Leek freak!

Leeks are an invaluable addition to the kitchen garden and a blinking beacon of bliss to bees.

Credit: Carol Pope

A beacon of bliss to bees

I love leeks. Delicious in soups and most savoury dishes, they are an invaluable addition to the kitchen garden. There’s nothing nicer than being able to dash out the backdoor and tug out just what you need from your veggie patch.  

But it gets even better: Leeks are also a picturesque backdrop in ornamental gardens, are quite deer resistant, make spectacular dried flowers, and are a blinking beacon of bliss to bees.

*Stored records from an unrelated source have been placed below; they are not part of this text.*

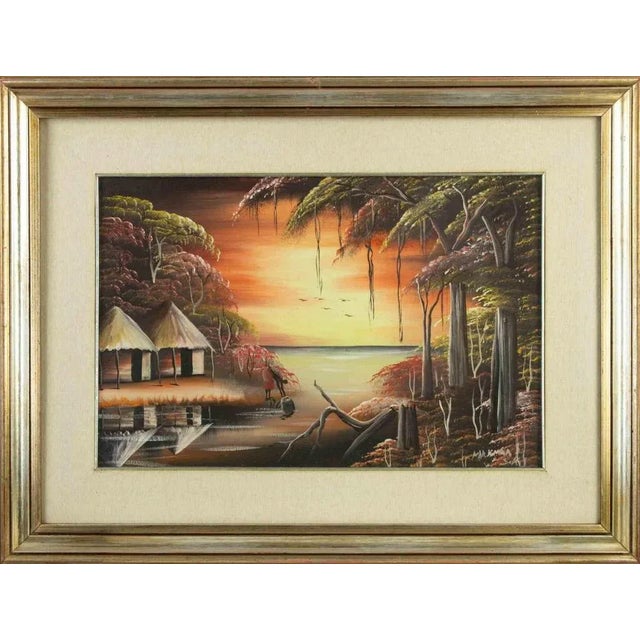 1950s Kabemba Situna WA, Exotic Landscape, Acrylic on Canvas, 1970s For Sale - Image 5 of 5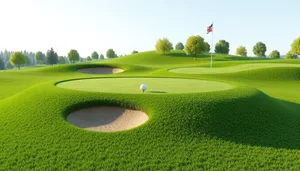 Golfer playing on scenic golf course in summer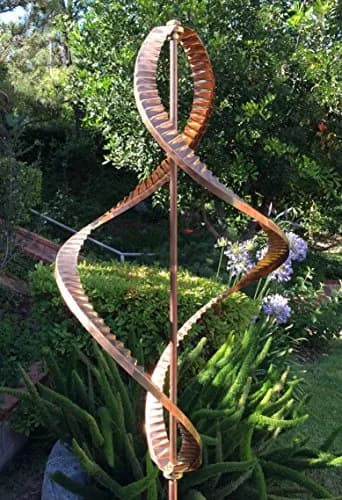 Stanwood Wind Sculpture Kinetic Dual Helix Copper | Heavy Duty Weatherproof Garden Art (7.5 ft) thumbnail 3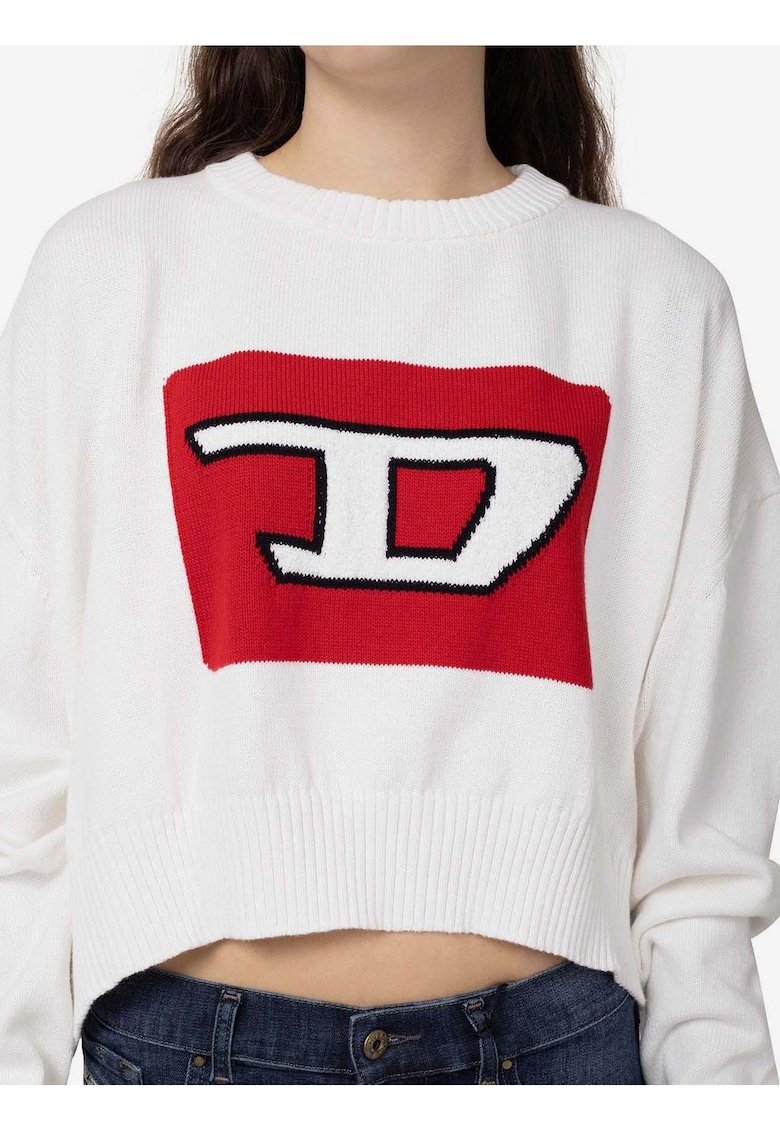 Pulover lejer cu imprimeu logo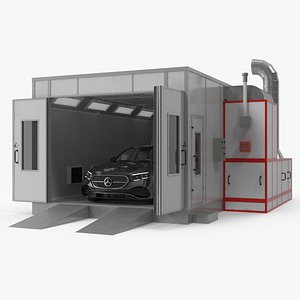 Vehicle Paint Booth with Car Inside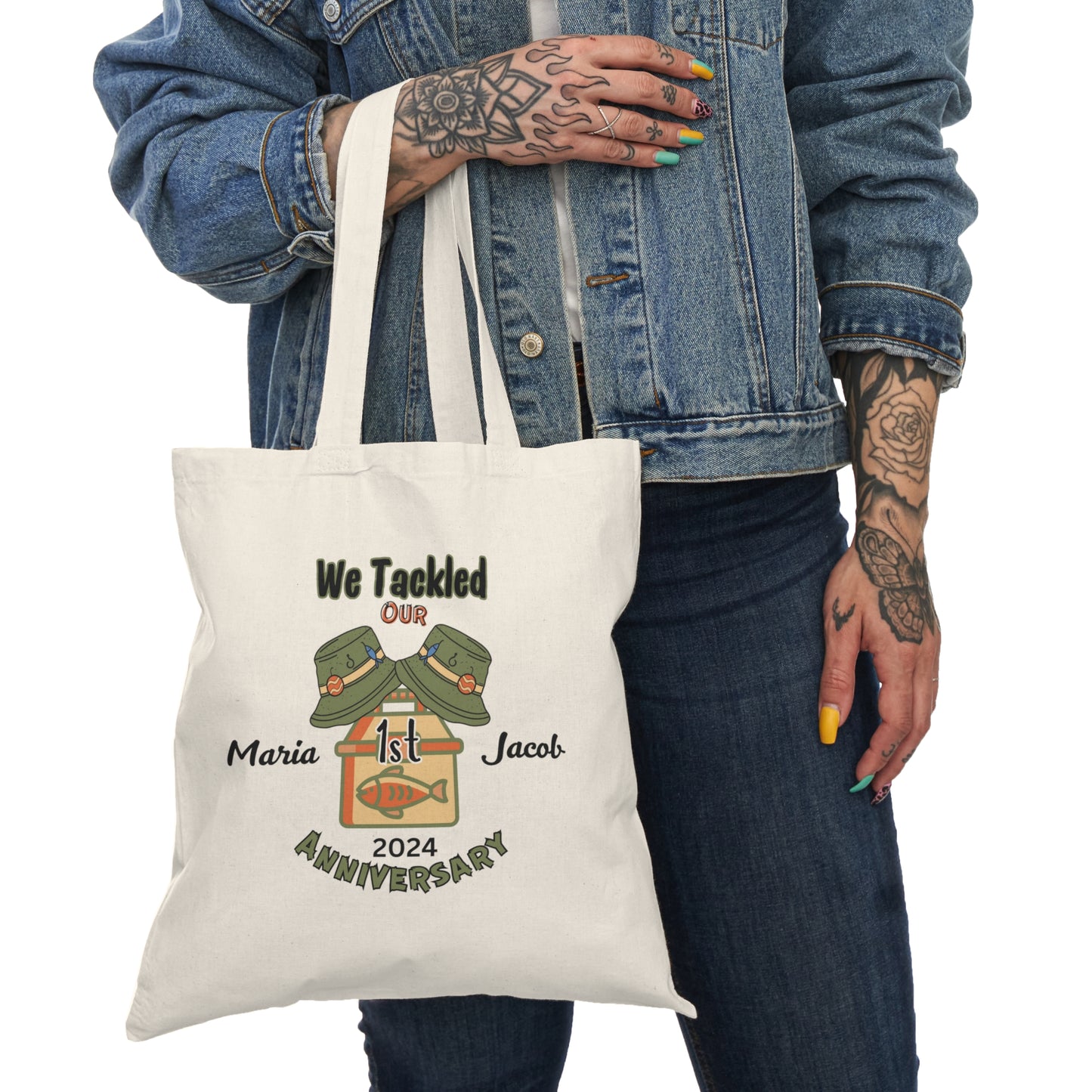 1st Anniversary Fishing Tackle Natural Tote Bag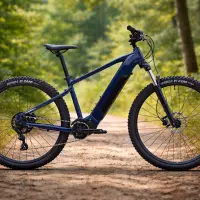 VTT électrique Rockrider E-EXPL 140 de Decathlon posé sur un chemin forestier, illustrant un modèle accessible et polyvalent pour les sorties tout-terrain.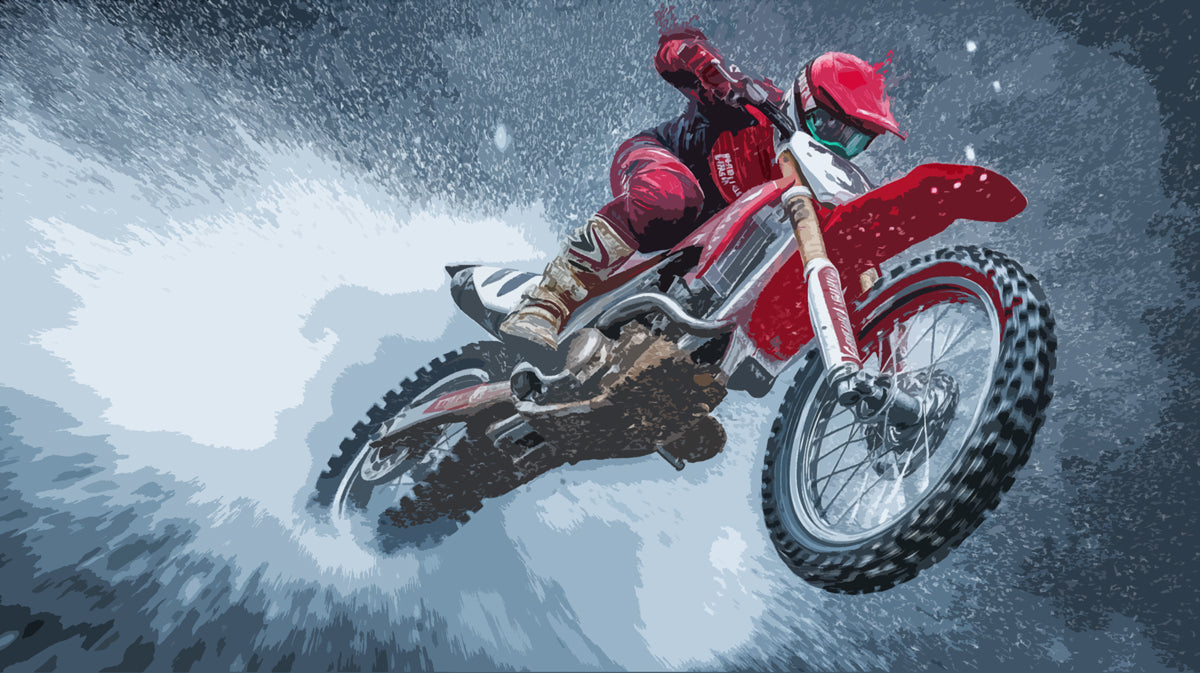 Red Motocross Action Mural Wallpaper | Dynamic Splatter, Extreme Sports, Cool Blue-Gray Tones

This year I decided to grow some extra leeks for a statuesque dried-flower arrangement for our family room. To do this, all I need to do is let the leeks flower and pluck them before they go to seed, hanging them upside-down until they are nicely dry.

However, this July when I went out to do just that, I didn’t have the heart to pick a single one.  Each and every leek flower was the nucleus of a frenzy of joyful pollination, the steady buzzing of the bees audible from across the yard.  In this woefully bee-diminished world, I felt that leaving the leeks right where they were was the respectful thing to do.

Now, I will routinely grow extra leeks to serve as a welcoming beacon to bees. While there are few things as gratifying as a garden that dishes up delicacies, the satisfaction multiplies when it gives back to our hardworking pollinators.

For more on growing leeks, check out page 12 of our Fall issue of GardenWise magazine.

And here’s an important planting tip:

For tender, white leeks like you see in the store, blanche them by planting in a 15 cm (6 in.) trench, topping up the soil as they grow.